The French defence minister also put herself at odds with the U.S. on maritime security in the Gulf, after Washington earlier this month launched a maritime coalition based in Bahrain to protect shipping in the strategic Strait of Hormuz.
France instead favours a European mission which Parly said should be able to start "very soon".
"We want to make clear that our policy is separate from the 'maximum pressure' American policy," she said, referring to Washington's increasing sanctions against Tehran.
"I would like to add that we are not subtracting anything, we are adding, as a number of countries would not have participated in the American initiative anyway."

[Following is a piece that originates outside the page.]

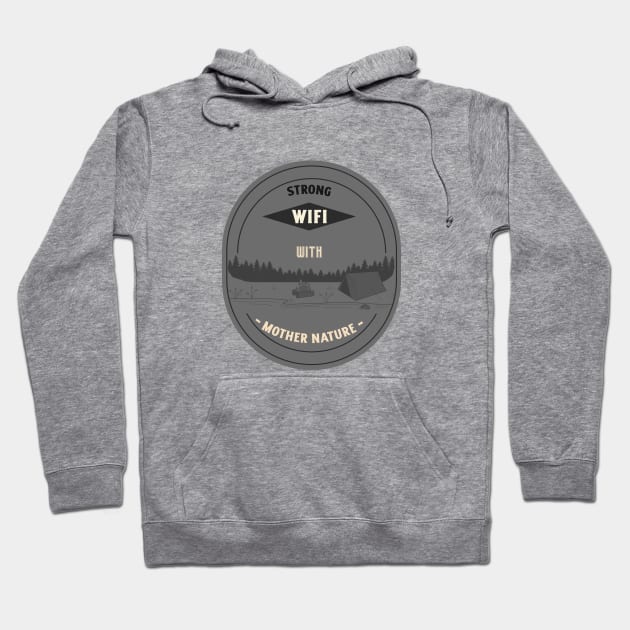 Strong wifi with mother nature Hoodie by TextureMerch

In a wide-ranging and strongly-worded speech, Parly also spoke out on the dangers of chemical weapons again being used in Syria -- an outcome that would be a red line for France.

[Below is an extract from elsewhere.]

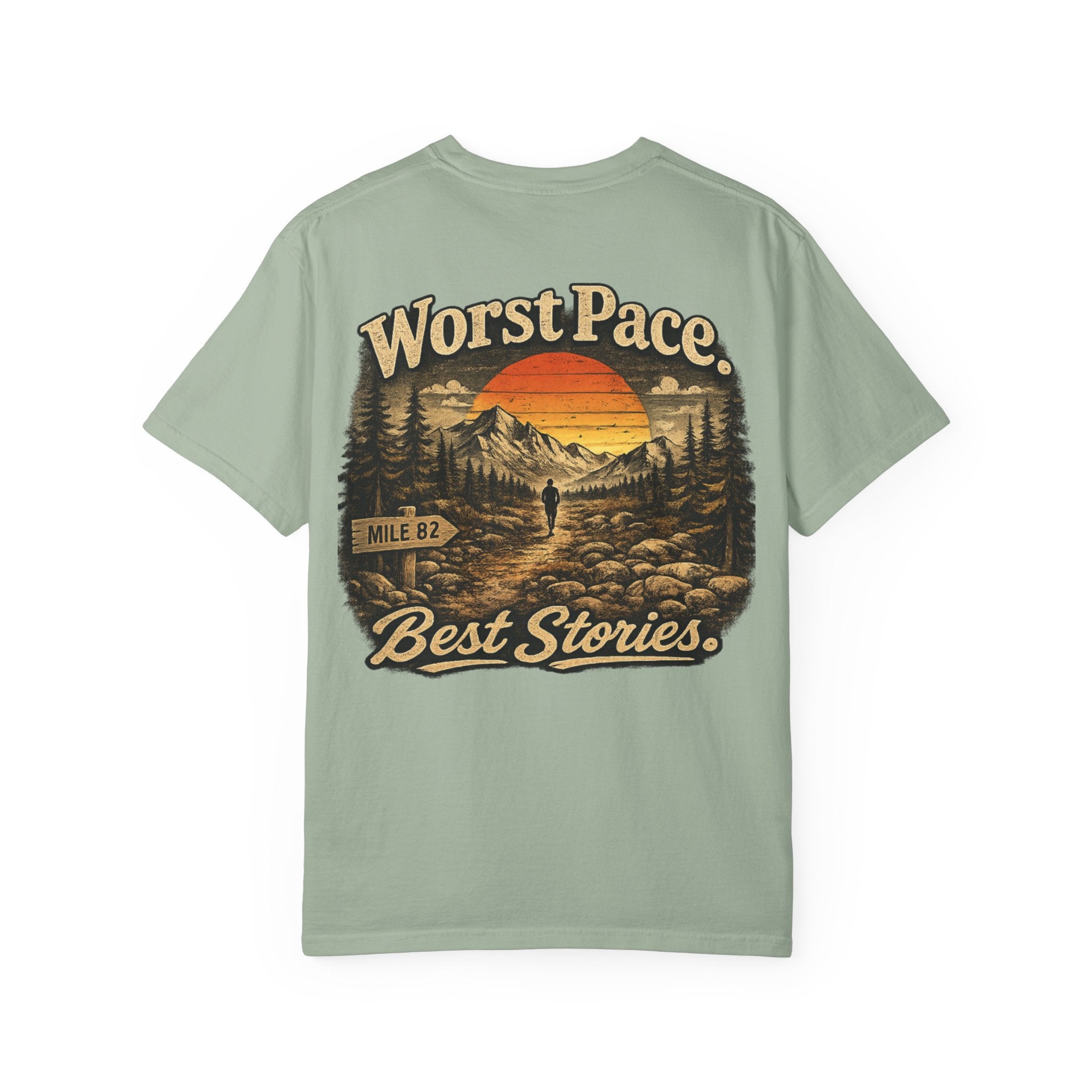 Worst Pace. Best Stories. - Unisex Tee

"Yes there is a risk and when you look at (rebel-held) Idlib province there is a strong risk," she said.
"I am convinced that if these weapons were used again that France would be ready to react again."
She also homed in on strains on NATO, saying it remained the cornerstone of security in Europe but that it was "time to move from the brain-dead to the brainstorm".
French President Emmanuel Macron stirred controversy this month saying he believed NATO was undergoing "brain death," lamenting a lack of coordination between Europe and the United States, in an interview with The Economist magazine.
Parly said proposals will be laid on the table at the alliance's summit in London in December including for a group of "wise persons or elders to think about the future of NATO".